NFL Advertisers Pay Record-Breaking Prices Even as Ratings DropBy
Marketers stick around because football still draws big crowds
‘At some point there’s got to be a reckoning,’ researcher says
The NFL has lost millions of viewers in recent years. Advertisers are sticking around anyway.
It’s not that football sponsors are more loyal, they’re trapped. In a fractured television landscape, National Football League games -- and especially the Super Bowl -- are still the best way to reach a massive live audience, even if it is shrinking.

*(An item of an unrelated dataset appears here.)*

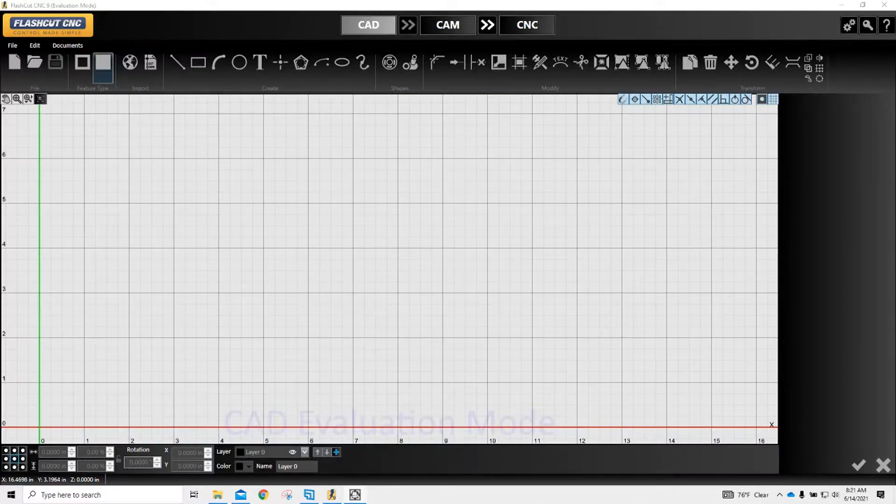What's up everybody, Ronald Moss Tables here. Today we're going to look at how easy it is to use the FlashCut Pipe software with the Moss Tables Rotary on the Pro Series table.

“Where else are we going to go?” asked Andrew Donchin, chief investment officer at Dentsu Aegis Network, an ad buyer whose clients include the sandwich chain Subway and drugmaker Pfizer Inc. The NFL is “still the tallest midget in the room.”
That creates a Catch-22 for advertising buyers and the companies they represent: Even with viewership declining, marketers can’t afford to turn their backs on America’s favorite televised sport because they have few other options for reaching big live audiences. Of the 50 most-watched programs on television in 2017, NFL games accounted for 39, compared with 42 two years earlier, according to Nielsen data.
Their demand for air time means the TV networks like NBC, CBS and Fox are able to charge marketers higher and higher prices for TV spots, peaking with Sunday’s Super Bowl contest pitting the New England Patriots against the Philadelphia Eagles before an expected TV audience of more than 110 million.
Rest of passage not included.